The nineteenth century was an era of relentless revolutionary ferment, as old empires fractured and new nations fought to be born. From the plains of South America to the valleys of the Peloponnese and the war‑torn provinces of Qing China, insurgent forces faced a common dilemma: how to overcome better‑armed, better‑trained regular armies with little more than popular enthusiasm and irregular levies. One solution that appeared again and again was the employment of European military advisors. These soldiers‑of‑fortune, retired officers and officially sanctioned “military missions” brought tactical know‑how, organizational models and the prestige of European arms to revolutionary causes. Yet their very presence ignited fierce controversy. Contemporaries and later historians argued passionately over whether these advisors were indispensable catalysts of liberation, or whether their real function was to recast local conflicts as instruments of European imperialism.

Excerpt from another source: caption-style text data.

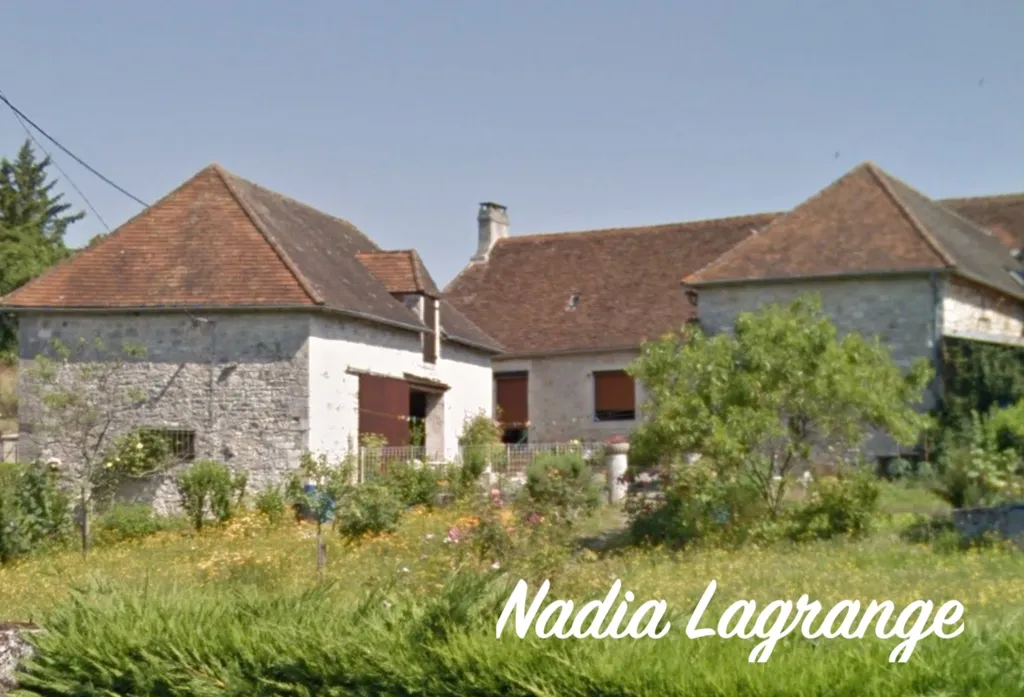 Extérieur - Maison en Pierre avec Grange et Hangar au Calme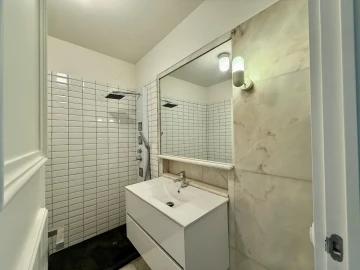 Apartamento T4 para Arrendamento em Santo António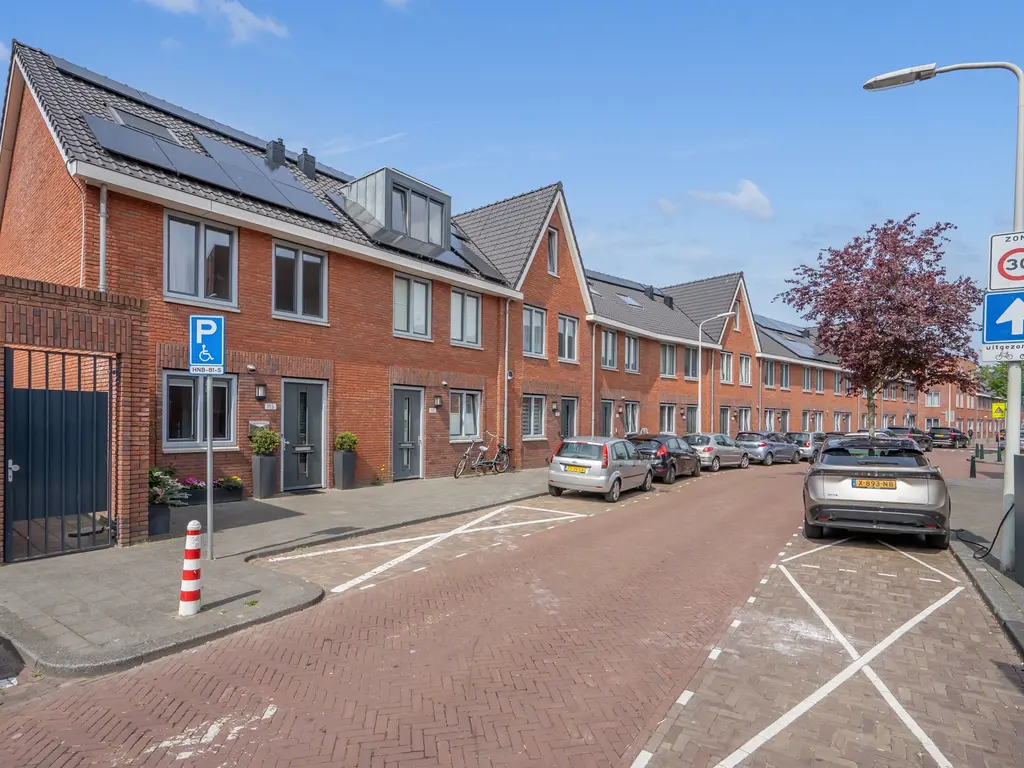 Abraham van Beyerenstraat 115, 'S-GRAVENHAGE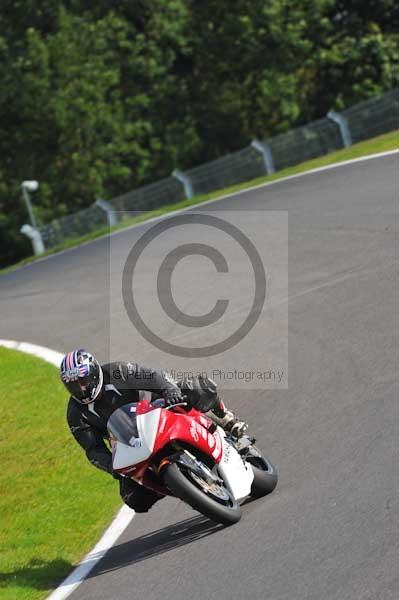 Motorcycle action photographs;cadwell;cadwell park photographs;event digital images;eventdigitalimages;motor racing louth lincolnshire;no limits trackday;peter wileman photography;trackday;trackday digital images;trackday photos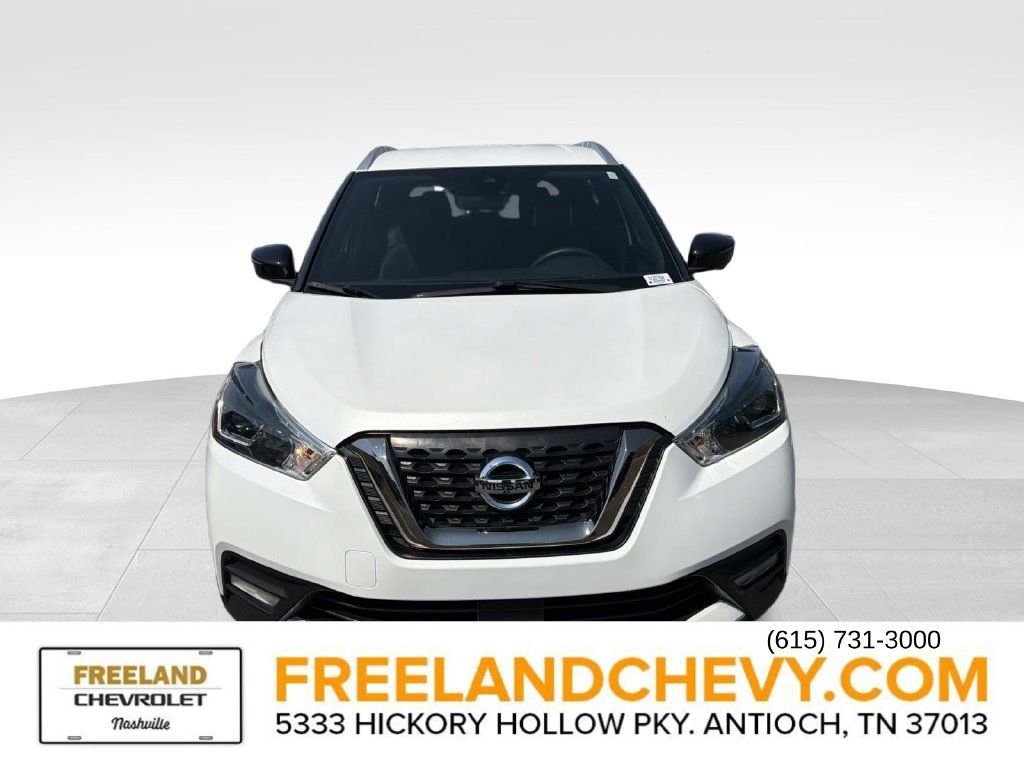Used 2020 Nissan Kicks SR w/ SR Premium Package FWD image 9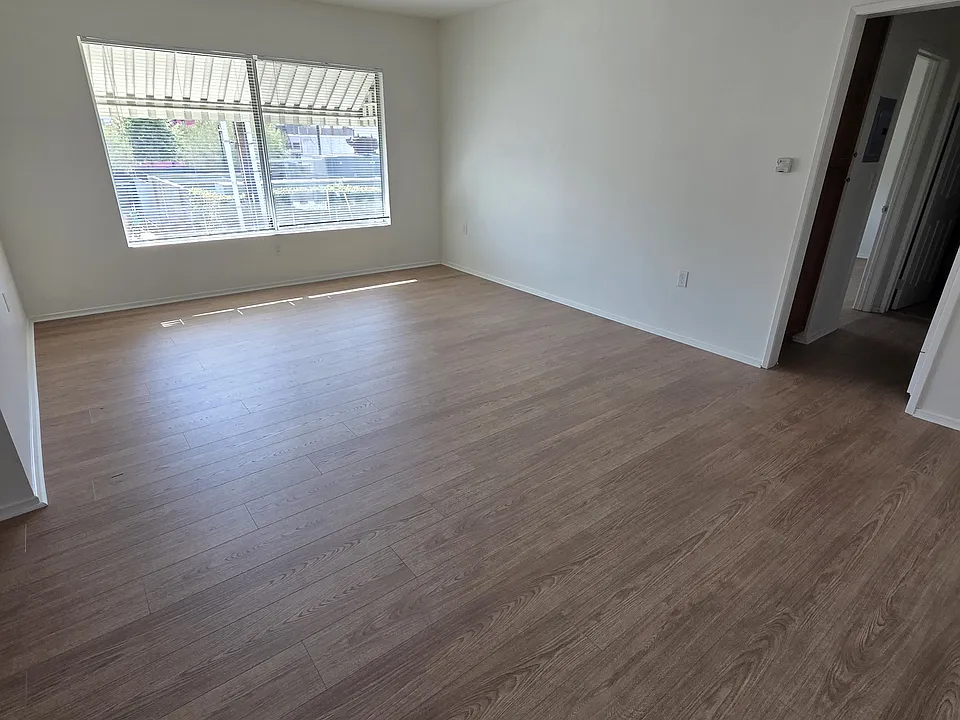 529 N Alfred St #6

The Surge of European Military Advisors in an Age of Revolution

The long shadow of the Napoleonic Wars did more than redraw the map of Europe; it created a vast reservoir of military expertise that became a global commodity. Between 1815 and the end of the century, tens of thousands of officers from France, Britain, Prussia, Russia and the Italian states found themselves idle, their careers stalled in peacetime armies that had little room for them. At the same time, independence movements in Latin America, nationalist uprisings in the Balkans, and the collapse of central authority in China opened new theatres where a trained officer could make a fortune, win fame or simply continue practicing his trade. European governments, too, soon saw the utility of dispatching uniformed “advisers” – men who could extend political influence, secure commercial treaties and gather intelligence while nominally assisting a revolutionary cause.

The forms of involvement were protean. Some individuals, like the Scottish sailor Thomas Cochrane or the French philhellene Charles Fabvier, offered their services directly to revolutionary leaders as free agents. Others arrived as part of semi‑official missions, such as the French artillery officers who went to Muhammad Ali’s Egypt or the Prussian staff officers who later instructed the Ottoman army. In the most extreme cases, advisors became combat commanders and even acquired de facto control over whole military formations – a trajectory tragically exemplified by the Ever Victorious Army during China’s Taiping Rebellion. What united all these forms was the underlying premise that European military science held the key to victory in modern war.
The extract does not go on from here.